Agent 69 Jensen: In the Sign of Sagittarius (1978) Agent 69 Jensen: In the Sign of Sagittarius / Agent 69 Jensen: I Skyttens Tegn (1978) -*

     Agent 69 Jensen: In the Sign of Scorpio had marked a return to form, in a sense, for the Sign comedies: like the first in the cycle, In the Sign of the Virgin, it was a disjointed and idiotic mess that occasionally managed to be mildly amusing almost in spite of itself. 1978’s Sign film, Agent 69 Jensen: In the Sign of Sagittarius, went that one worse, however, bringing the long-running semi-series into the “Oh, Goddamnit, just stop!” phase of the franchise life-cycle. Fortunately, it was also the last of the bunch— although it does seem like a minor cosmic injustice that In the Sign of Sagittarius should also be the last film of Ole Søltoft’s career.

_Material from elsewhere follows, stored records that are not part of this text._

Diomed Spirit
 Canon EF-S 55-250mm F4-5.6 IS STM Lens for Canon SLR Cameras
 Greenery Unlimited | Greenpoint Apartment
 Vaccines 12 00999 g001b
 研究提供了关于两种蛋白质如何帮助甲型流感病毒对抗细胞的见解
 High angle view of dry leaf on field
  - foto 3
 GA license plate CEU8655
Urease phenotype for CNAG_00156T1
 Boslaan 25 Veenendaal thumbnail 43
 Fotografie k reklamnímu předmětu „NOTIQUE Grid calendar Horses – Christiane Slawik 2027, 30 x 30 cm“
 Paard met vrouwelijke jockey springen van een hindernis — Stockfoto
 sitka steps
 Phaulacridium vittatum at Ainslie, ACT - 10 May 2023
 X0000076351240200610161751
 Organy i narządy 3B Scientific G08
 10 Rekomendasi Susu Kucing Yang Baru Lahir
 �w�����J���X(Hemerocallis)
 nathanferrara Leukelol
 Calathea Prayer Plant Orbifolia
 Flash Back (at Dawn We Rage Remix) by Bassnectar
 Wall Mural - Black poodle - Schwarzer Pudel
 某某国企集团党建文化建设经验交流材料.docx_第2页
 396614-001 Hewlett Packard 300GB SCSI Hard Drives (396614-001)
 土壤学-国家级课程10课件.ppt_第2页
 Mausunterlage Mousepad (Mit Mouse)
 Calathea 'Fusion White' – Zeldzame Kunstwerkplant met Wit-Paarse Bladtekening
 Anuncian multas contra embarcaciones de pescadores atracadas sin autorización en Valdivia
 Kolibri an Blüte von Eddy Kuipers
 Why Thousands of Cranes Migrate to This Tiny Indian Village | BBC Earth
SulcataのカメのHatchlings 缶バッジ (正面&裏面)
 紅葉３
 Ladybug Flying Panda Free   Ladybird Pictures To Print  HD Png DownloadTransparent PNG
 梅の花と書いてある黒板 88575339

     Somehow or other, the Albanian military has developed a missile worth worrying about. Fired from the torpedo tubes of an attack submarine (so that it can be represented by stock footage of US Navy SUBROC test launches), it can deliver its payload to any major city in Western Europe from the Adriatic Sea, or even strike the American eastern seaboard, assuming that the sub carrying it could survive to reach the central Atlantic. Of course, Albania doesn’t have any nukes, but I’m not sure writers Werner Hedman and Edmondt Jensen are aware of that. In any case, a man named Stanley (Bent Rohweder, from The Blue Balloon and Pornography: A Musical) who had been spying for Albania, is now working both sides of the fence. He has stolen the blueprints for the new missile, transferred them to microfilm, and smuggled them to Tangier in a lady’s powder compact. Together with a pair of none-too-trustworthy conspirators, Stanley has offered to sell the film to Danish military intelligence for $10 million. With that in mind, the chief of the intelligence agency (Poul Bundgaard again) is sending his two newest agents, Arnold Andersen (still Søren Strømberg) and Knud Børge Andersen (Molly’s André Chazel, who had been the Sheik of Obec in Agent 69 Jensen: In the Sign of Scorpio), to Tangier to meet with Stanley and make the trade.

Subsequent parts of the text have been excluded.